At least Chris-Chan has stopped hitting on Sarah, but that's because he has a new sweetheart, one Megan Schroder. In real life, Megan was a girl he met at card game tournaments who was willing to be friends with him, but not go any further. Chandler repeatedly ignored her wishes, working her into his comic, getting inappropriately touch with her, and even putting erotic artwork of the two online (the latter being the final nail in the coffin, obviously). This comic was made when Chandler was infatuated with Megan, so he's deliberately worked Megan's interests into Sonichu in order to impress her-- not only does everyone now have anime-style eyes, but Chris-Chan uses Yu-Gi-Oh cards as weapons against his enemies, and has even cast bit characters (such as Sarah's husband-to-be) as Yu-Gi-Oh monsters. This doesn't particularly disrupt the flow of the narrative (such as it is), because everything in Sonichu is already filtered through the lens of Chris-Chan's childhood fandoms, despite dealing with his struggle against growing up. It's likely that Chandler simply didn't bother with drawing from a photo of Jack Spicer, instead tracing a Yu-Gi-Oh card within his immediate grasp.

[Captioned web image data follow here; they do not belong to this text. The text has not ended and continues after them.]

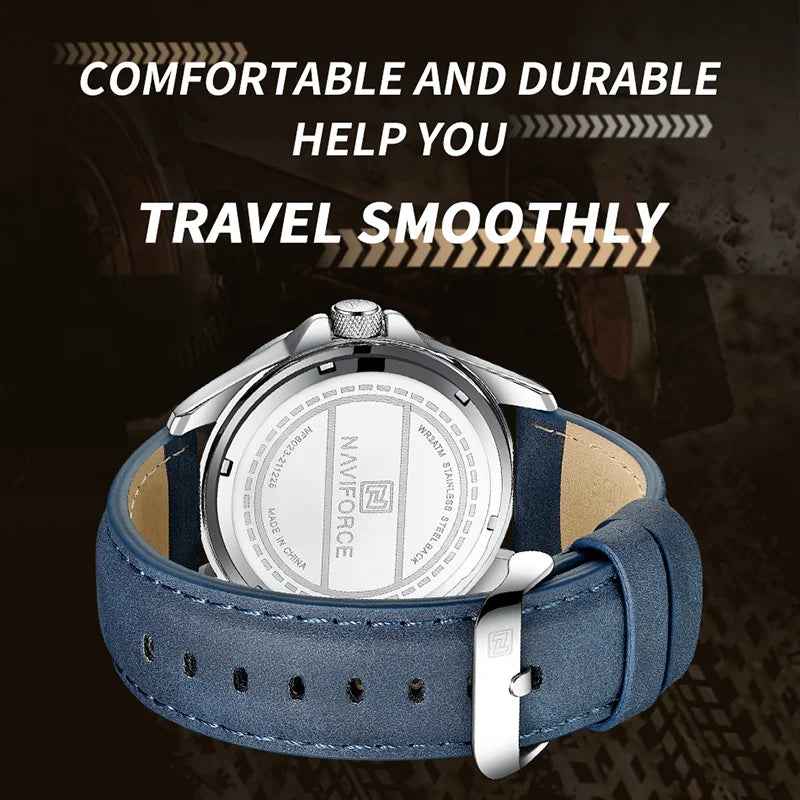 Men Fashion Quartz Watches, Male Leather Strap Sport Waterproof Wristwatches, Calendar Clock, Relogio Masculino, NAVIFORCE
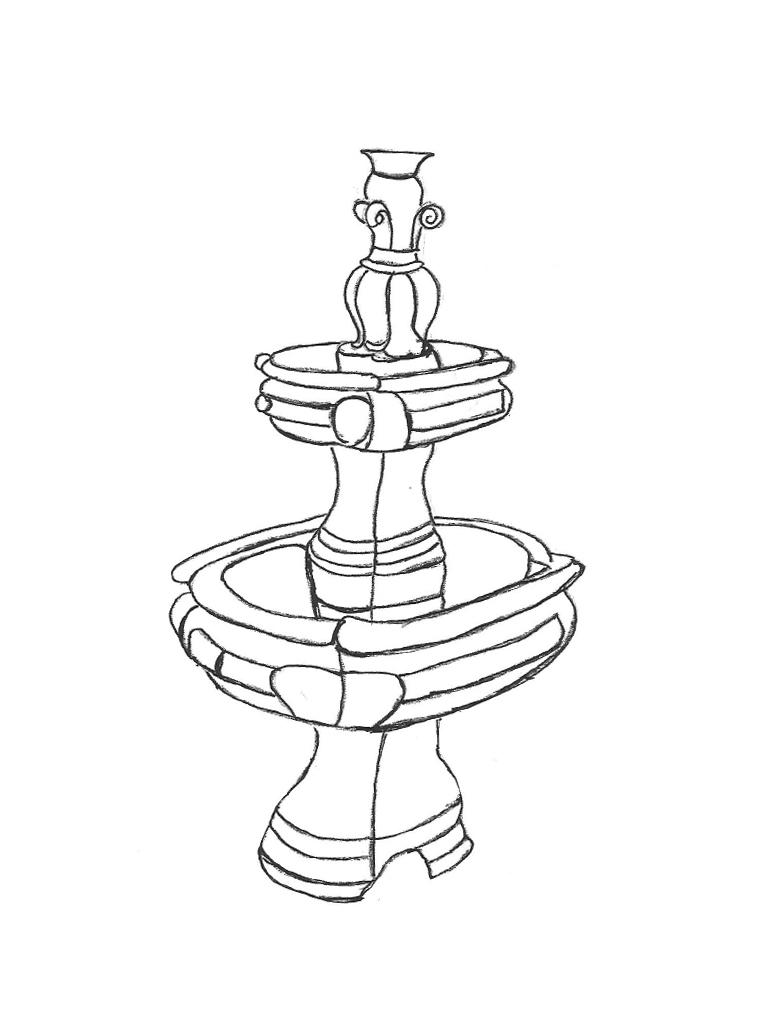 French Fountain - 27" wide, 48" high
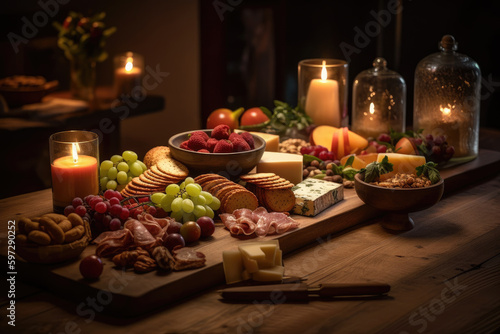 Tantalizing shot of artisanal charcuterie board on wooden table  topped with variety of meats  cheese  fruits  nuts  bread  and crackers. Candles in background add to ambience. Generative Ai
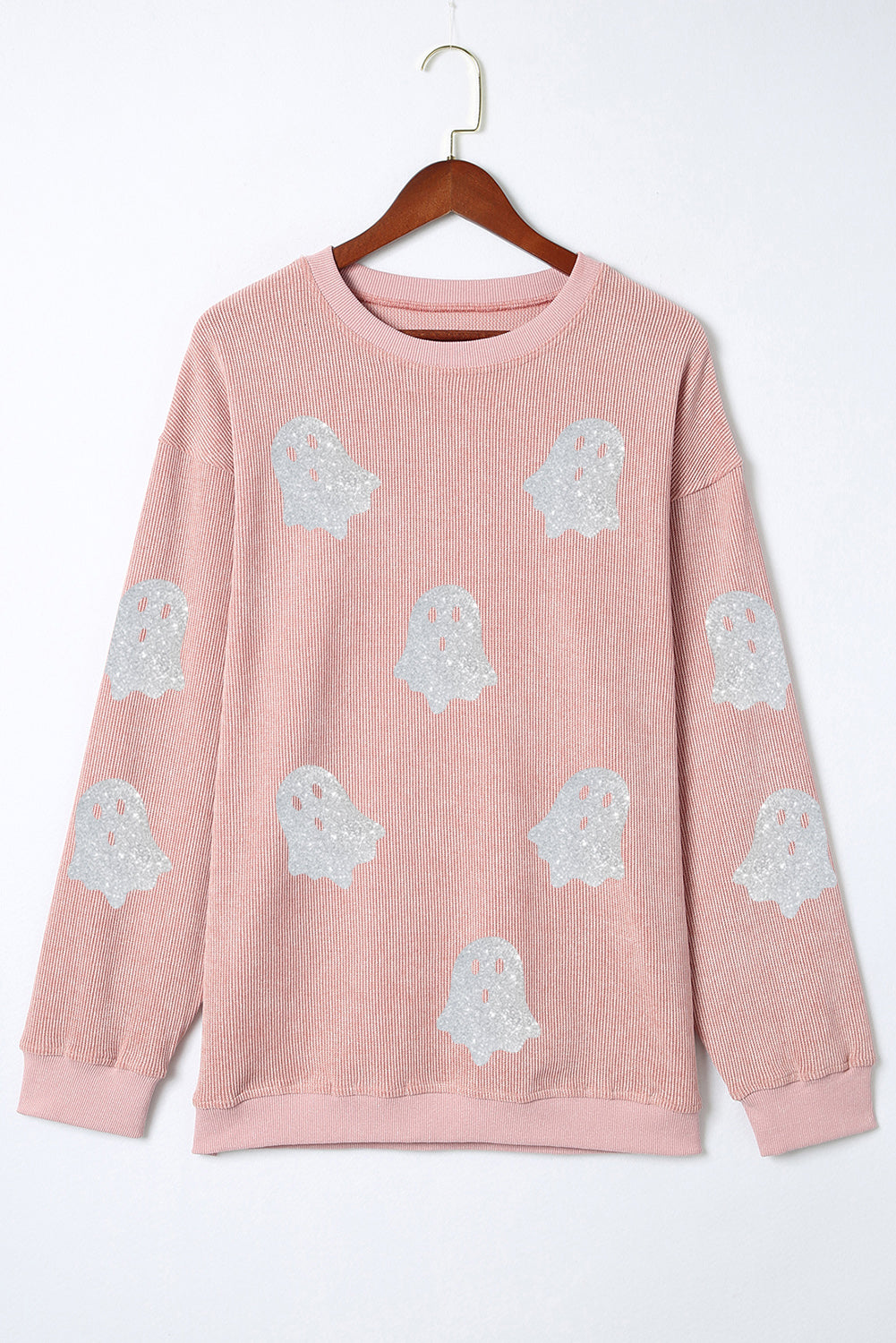 Pink Halloween Ghost Corded Crew Neck Loose Sweatshirt - Aaria Tees Aaria Tees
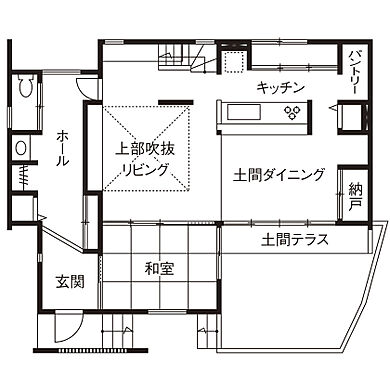 アーキテックスライフスタイルセンター岡崎の施工事例「【西尾市】遊びごころのある土間ダイニングからお庭に繋がる開放的な家」の1階間取り図の画像1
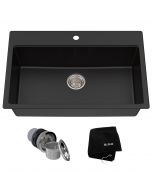 KRAUS Quarza™ 31" Drop-In/Undermount Granite Single Bowl Kitchen Sink in Black Onyx with accessories
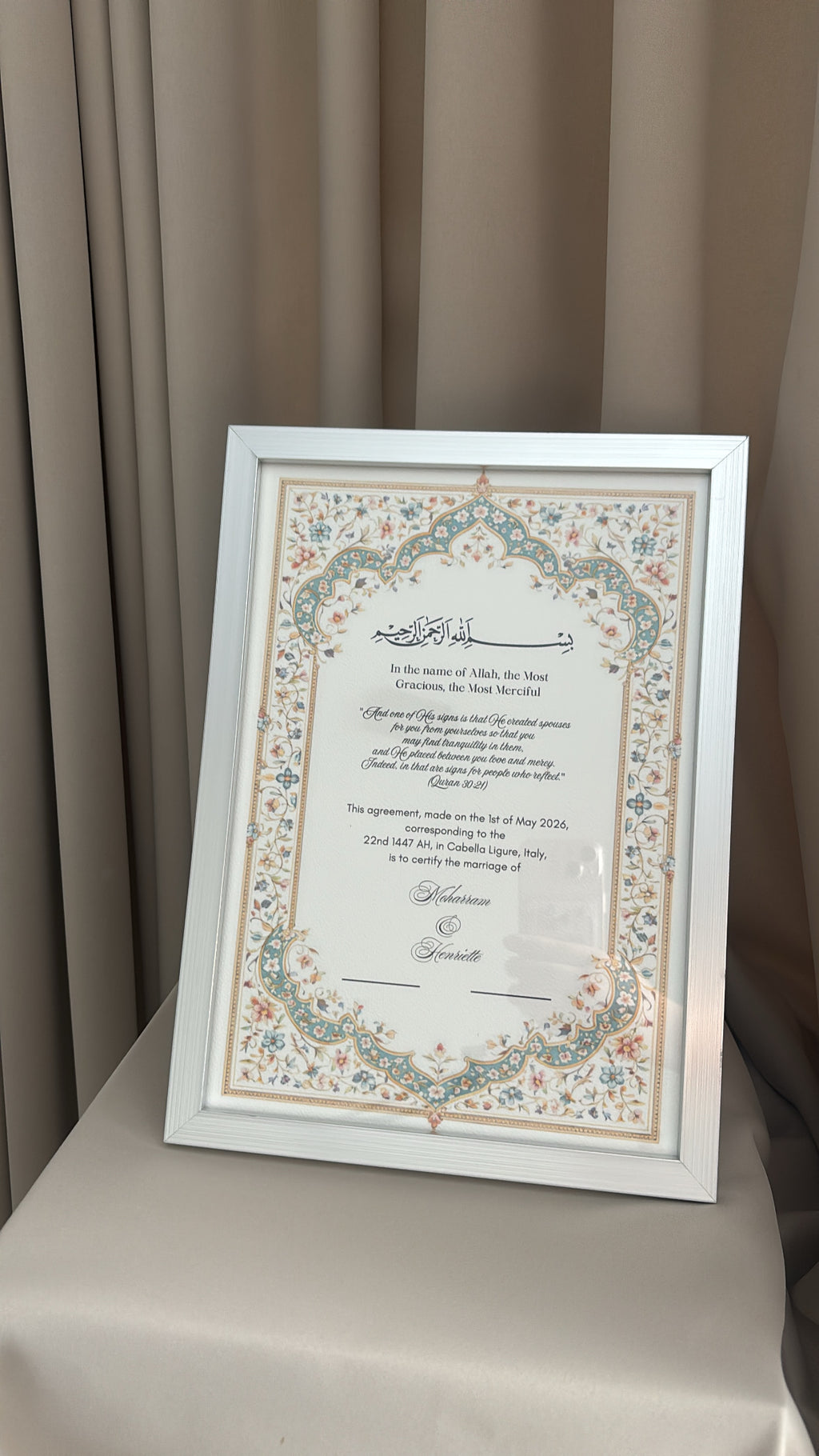 Nikkah certificaat met lijst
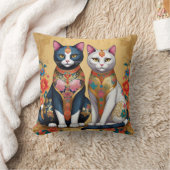 飾りフローラ猫2 クッション (ブランケット)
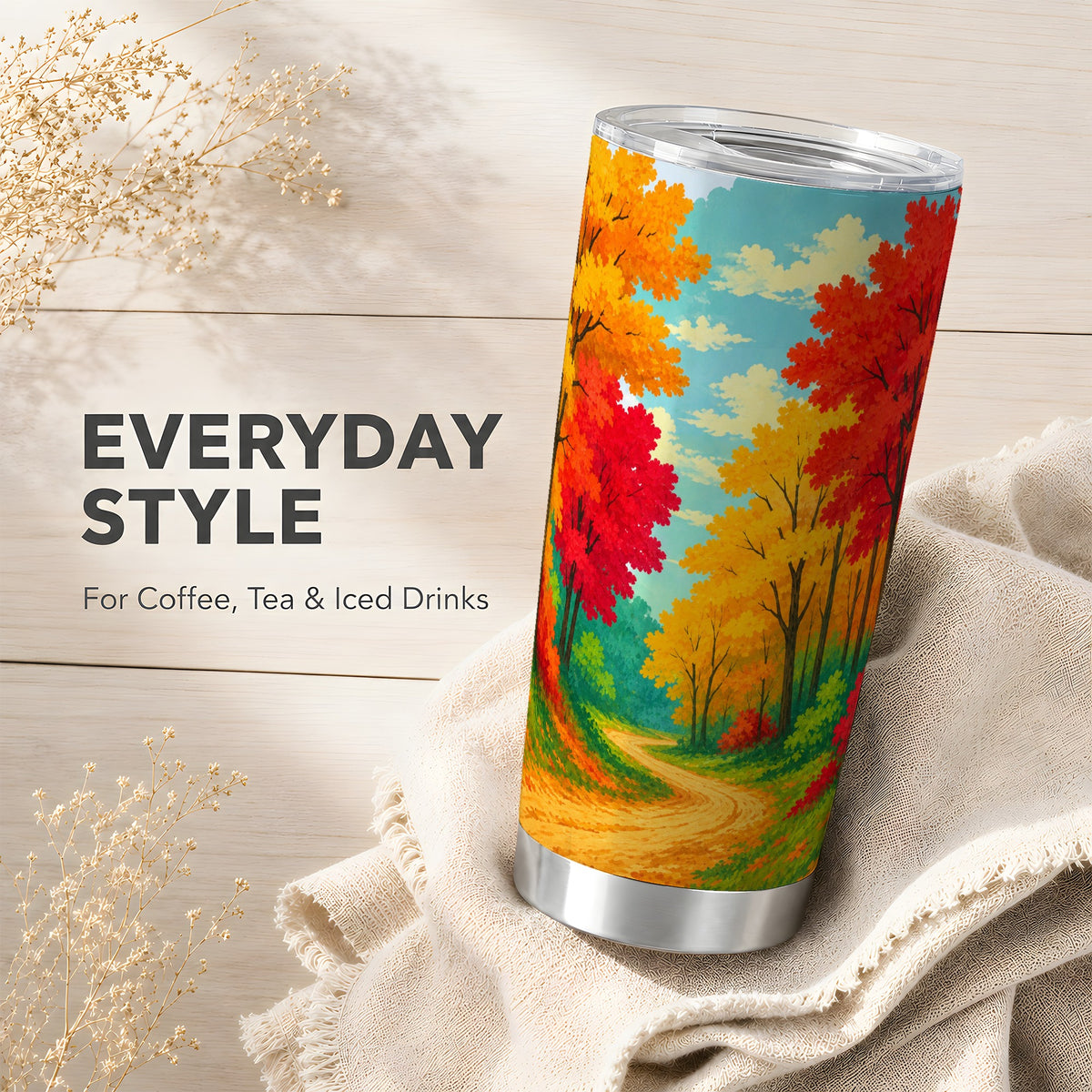 Autumn Tumbler 20oz, Fall Foliage Tumbler, Stainless Steel Travel Cup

I have never played Yu-Gi-Oh and have only seen a few episodes of the anime, so I can't speak to how badly he's mauled the source material. What is clear to everyone else, however, is that a fantasy card game does not offer one the tools to negotiate relationships and deal with developmental milestones. Here, Chandler has set up circumstances so there's a clear villain (Wes-Li Sonichu, crashing his ex's wedding to kidnap her), and a clear method to take him down. It also is supposed Chandler look good, for not doing what Wes-Li is doing despite being similarly obsessed with Sarah. Finally, the acknowledgement of Chandler's heroism gives him hope from the cast that he'll one day get a girlfriend-- Megan (as Sailor Megtune, with Sailor Moon-type powers and an anthropomorphic skunk sidekick named Megagi) rescues him from a defeat at the hands of Wes-Li, and Sarah gives him her blessing, throwing the bouqet of flowers to him in the hopes that he'll one day be getting married (and hoping that it'll be to Megan).

Megan, being a young woman with a reasonable grasp on reality, wasn't won over by being inserted into a newly anime-ized Sonichu comic as the protagonist's (eventual?) love interest. It just got worse from there.

I should also note that Wes-Li calls Chris-Chan an autistic freak, despite the fact that Chandler's avatar does not associate with autism in any way, shape, or form. This is true for Chandler's own understanding of autism as well; he hasn't bothered to actually negotiate or even understand what it means. All he admits is that it's a label that can be blamed for everything that doesn't go well in his life.